======== MATERIALS PROVIDED ========
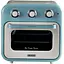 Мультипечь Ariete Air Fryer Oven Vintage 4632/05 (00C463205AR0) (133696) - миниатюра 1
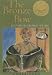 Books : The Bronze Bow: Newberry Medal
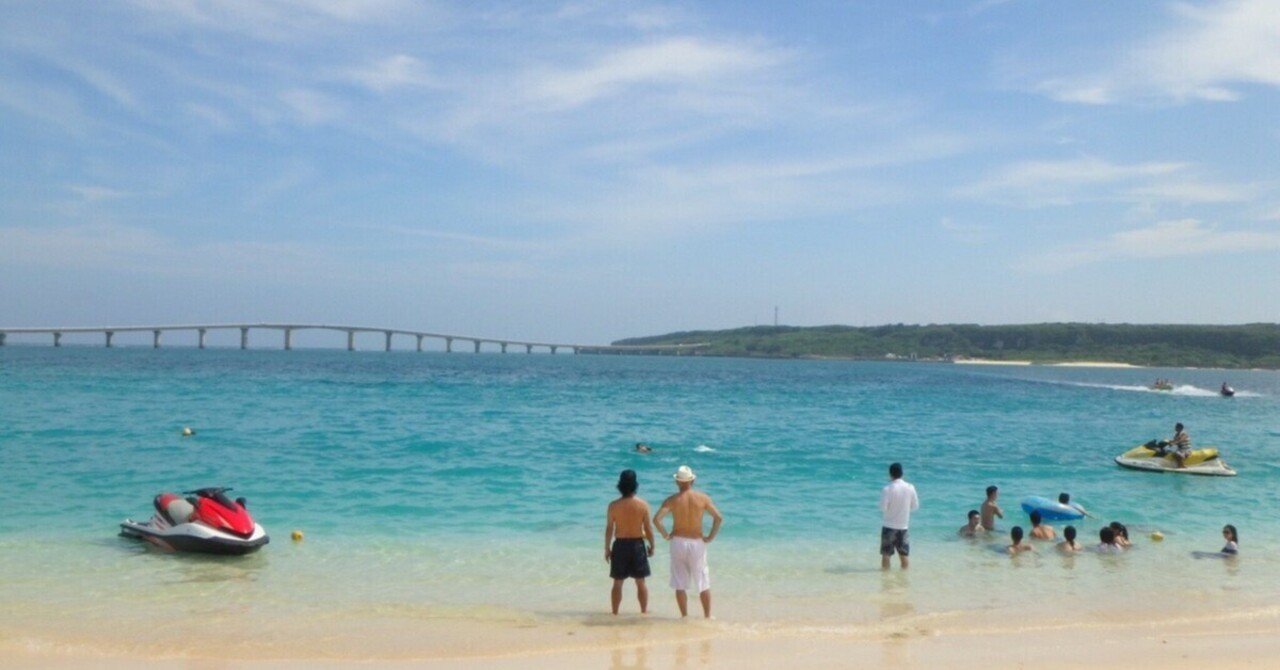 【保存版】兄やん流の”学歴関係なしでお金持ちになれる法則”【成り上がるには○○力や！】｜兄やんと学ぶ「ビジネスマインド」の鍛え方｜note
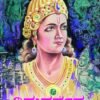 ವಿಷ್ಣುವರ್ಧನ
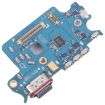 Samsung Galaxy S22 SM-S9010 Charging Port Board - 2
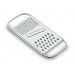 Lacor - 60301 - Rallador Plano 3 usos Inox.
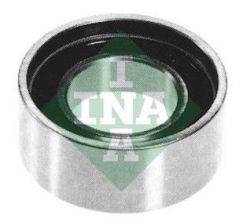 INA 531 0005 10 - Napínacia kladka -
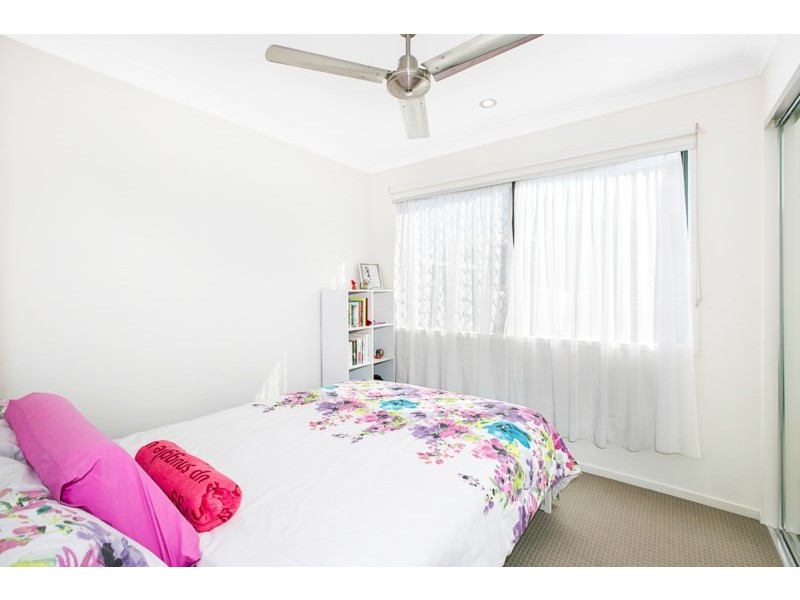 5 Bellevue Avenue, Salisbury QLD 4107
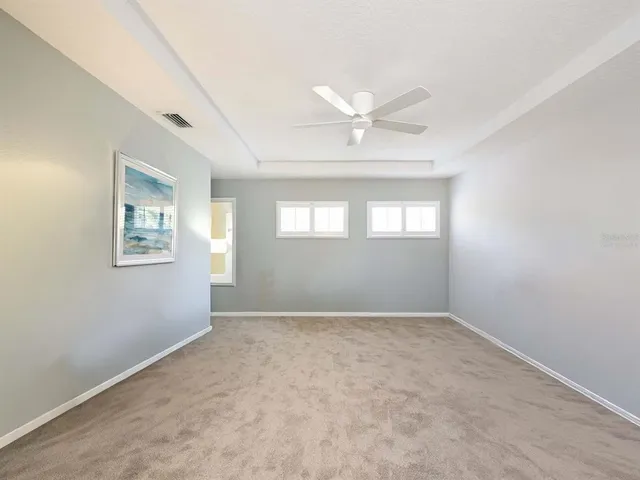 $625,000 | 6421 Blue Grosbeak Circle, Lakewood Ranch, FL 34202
========
* _WHAT TO WORK ON_: Nothing but an exact repeat of the records, pictures excluded, belongs in the answer.

* _RESPONSE AREA_:
 Мультипечь Ariete Air Fryer Oven Vintage 4632/05 (00C463205AR0) (133696) - миниатюра 1
 Books : The Bronze Bow: Newberry Medal
 【保存版】兄やん流の”学歴関係なしでお金持ちになれる法則”【成り上がるには○○力や！】｜兄やんと学ぶ「ビジネスマインド」の鍛え方｜note
 ವಿಷ್ಣುವರ್ಧನ
 Samsung Galaxy S22 SM-S9010 Charging Port Board - 2
 Lacor - 60301 - Rallador Plano 3 usos Inox.
 INA 531 0005 10 - Napínacia kladka -
 5 Bellevue Avenue, Salisbury QLD 4107
 $625,000 | 6421 Blue Grosbeak Circle, Lakewood Ranch, FL 34202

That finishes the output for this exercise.